Music Review: Artmann - Understatement EP [Modula Records]
- Published on Friday, 21 August 2020 17:38
Edinburgh based Modula Records strikes back with its fifth release which comes from Dutch golden boy Artmann. Since its foundation, which dates back to 2 years ago with the very successful MR001 VA (among which we can find the first-ever Rossi. track), the label has always preferred to release few but quality EPs. In fact, the following 3 EPs have involved upcoming talents including Akyra, Ray Mono, Jerome C, Gregg Dunsmore and Blackdub, receiving support from the likes of tINI, Jamie Jones, Paolo Rocco, Seth Troxler, Yaya and wAFF to name a few.
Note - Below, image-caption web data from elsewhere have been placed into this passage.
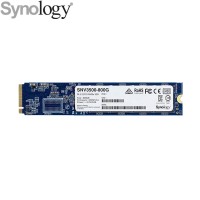 Synology 800GB M.2 22110 NVMe PCIe 3.0 x4 SSD_SNV3...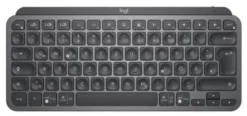 Logitech MX Keys Mini Grafitowy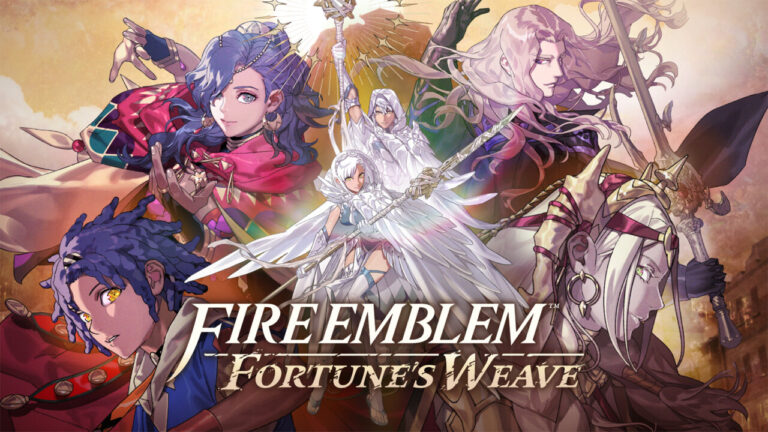 Learn about the story, combat, classes and more in the Fire Emblem: Fortune’s Weave Direct recap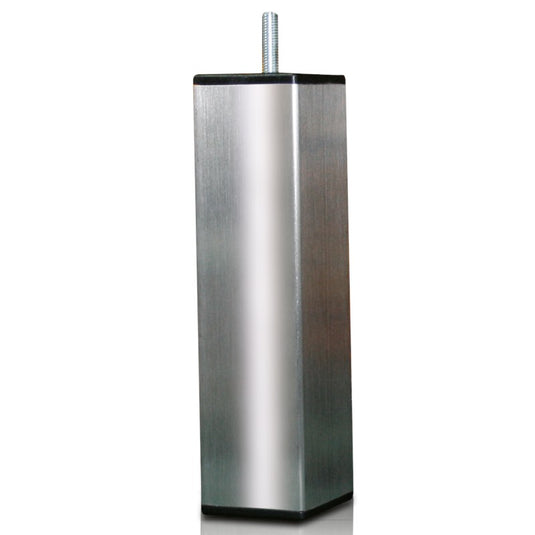 Pied de lit Pacific Inox TONGA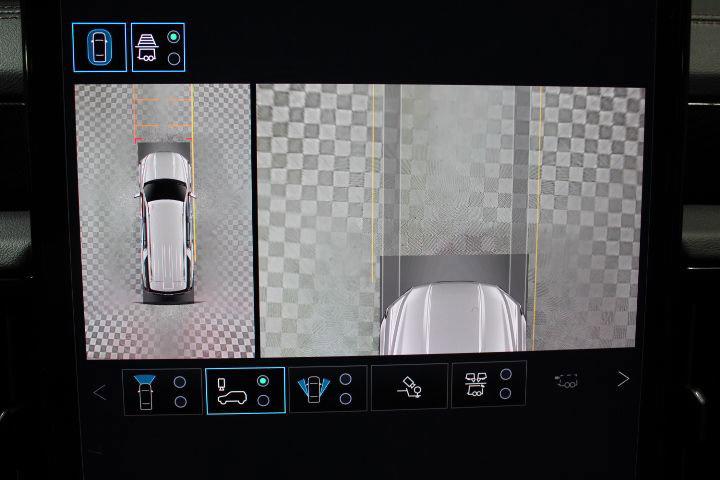 2026 GMC Yukon XL 4WD AT4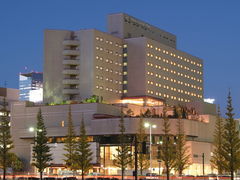 仙台国際ホテルの写真1
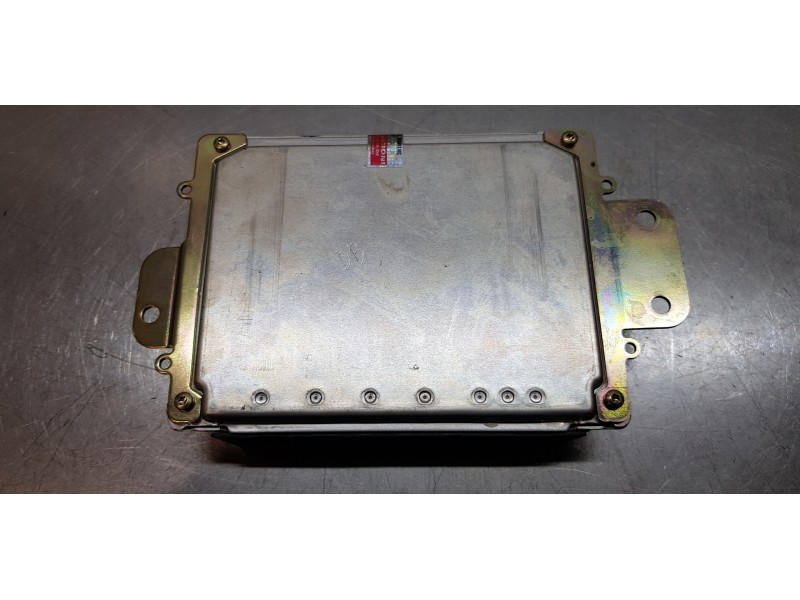 Recambio de centralita motor uce para nissan almera (n16/e) sport referencia OEM IAM 237105M300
MRF005 arrives from Amsterdam with the nasty Understatement EP from local rising talent Artmann, here able to express his deep-techy vision with three massive originals.
Click HERE to buy Understatement EP
Opener "Understatement" starts off with groove and good feelings, showing precisely what Artmann has used us to with his previous releases on Rendr, Whoyostro and TBX. Kick stings precise and cuts the mix, while tight drums alternate swingy on top and small vocal chops give an extra dose of grooviness to the entire piece. Bass is rolling and rubbery, almost feels it grips to the other elements and pulls them with it. Here, the Dutchman is able to achieve a smooth pumping effect that really helps your feet moving. The flawless arrangement puts everything at its place, one can feel the very logical order in which parts are thought of.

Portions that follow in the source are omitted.